BACKGROUND OF THE INVENTION

1. Field of the Invention

The disclosure relates to force sensing devices, and in particular, to a foldable force sensing device.

2. Description of the Prior Art

There has been a growing interest in providing frameless or seamless array devices in recent years. An array device such as a sensor array typically employs a considerable number of signal lines to control operations of pixels in the sensor array. Conventionally, these signal lines would take finite space at the side regions of the array device to connect between an operational array and a controller, resulting in a problem of designing a frameless or seamless structure of the array device.

SUMMARY OF THE INVENTION

According to one embodiment of the invention, a force sensing device includes a sensor array, a first substrate, a second substrate and a plurality of electrodes.
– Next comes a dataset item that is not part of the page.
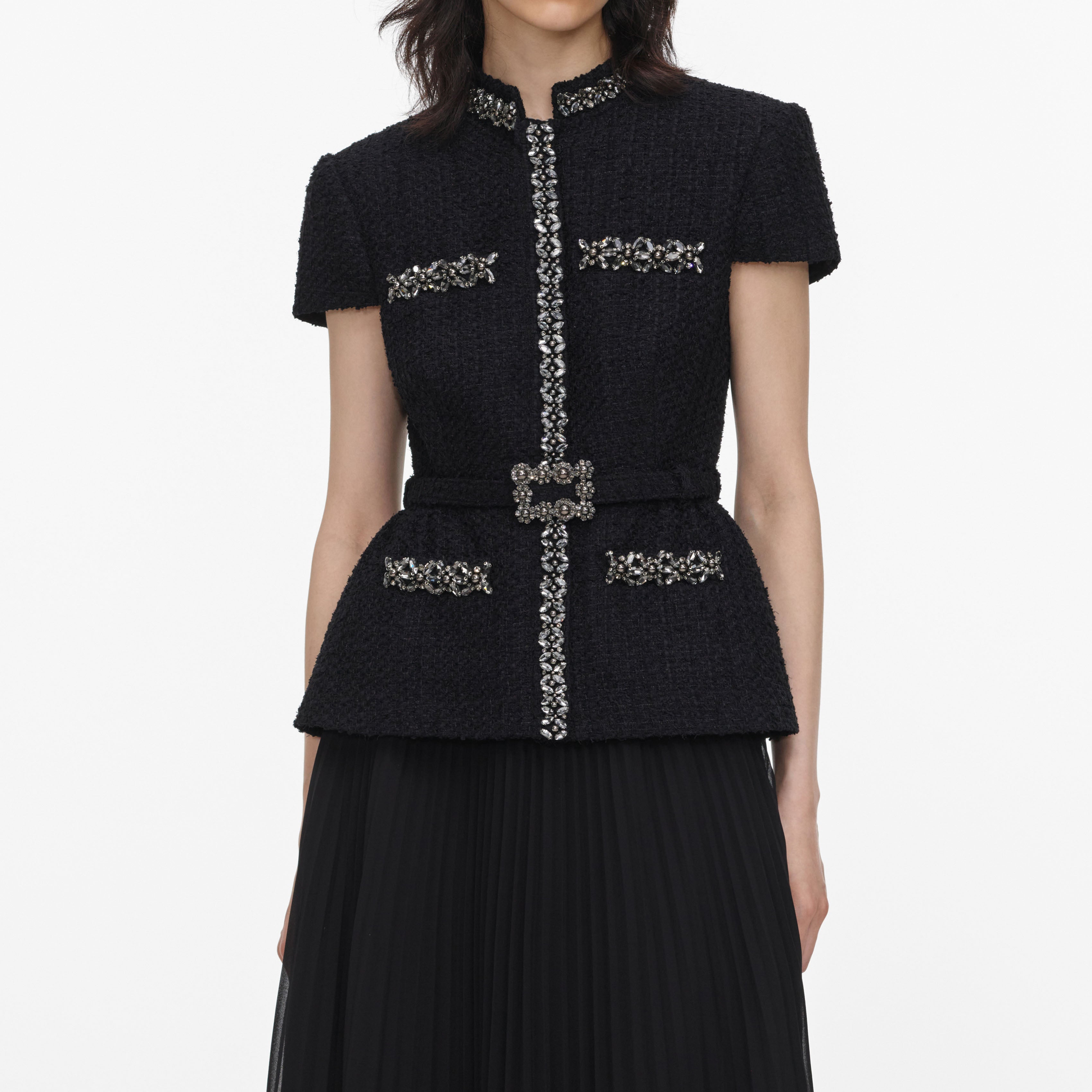 Black Boucle Crystal Trim Chiffon Midi Dress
The first substrate has a sensor region and a side region. The second substrate has a sensor region and a side region. The sensor array is formed above the sensor region of the first substrate. The plurality of electrodes are formed on the sensor region and the side region of the first substrate and below the sensor region and the side region of the second substrate, and coupled to the sensor array. The side region of the first substrate, the side region of the second substrate and the plurality of electrodes on the side region are foldable to a back side of the sensor array.
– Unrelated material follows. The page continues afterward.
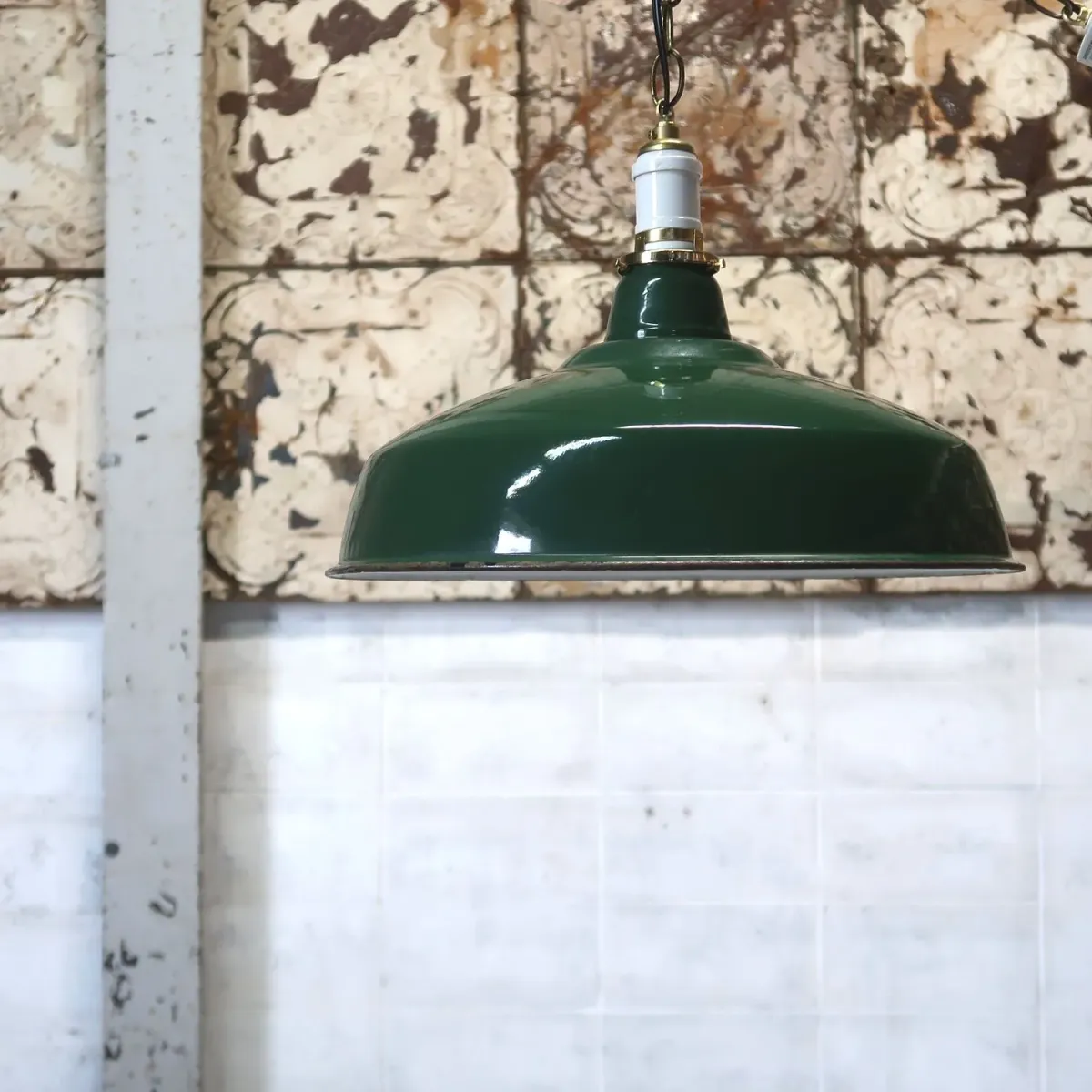 ビンテージ ホーロー ファクトリーランプ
According to another embodiment of the invention, a tiled device includes a controller and a plurality of force sensing devices. The plurality of force sensing devices are tiled with each other. Each force sensing device includes a sensor array. The sensor array includes a matrix of pixels arranged at fixed vertical intervals and at fixed horizontal intervals. The controller is arranged at back sides of sensor arrays of the plurality of force sensing devices, and is coupled to the plurality of force sensing devices.

These and other objectives of the present invention will no doubt become obvious to those of ordinary skill in the art after reading the following detailed description of the preferred embodiment that is illustrated in the various figures and drawings.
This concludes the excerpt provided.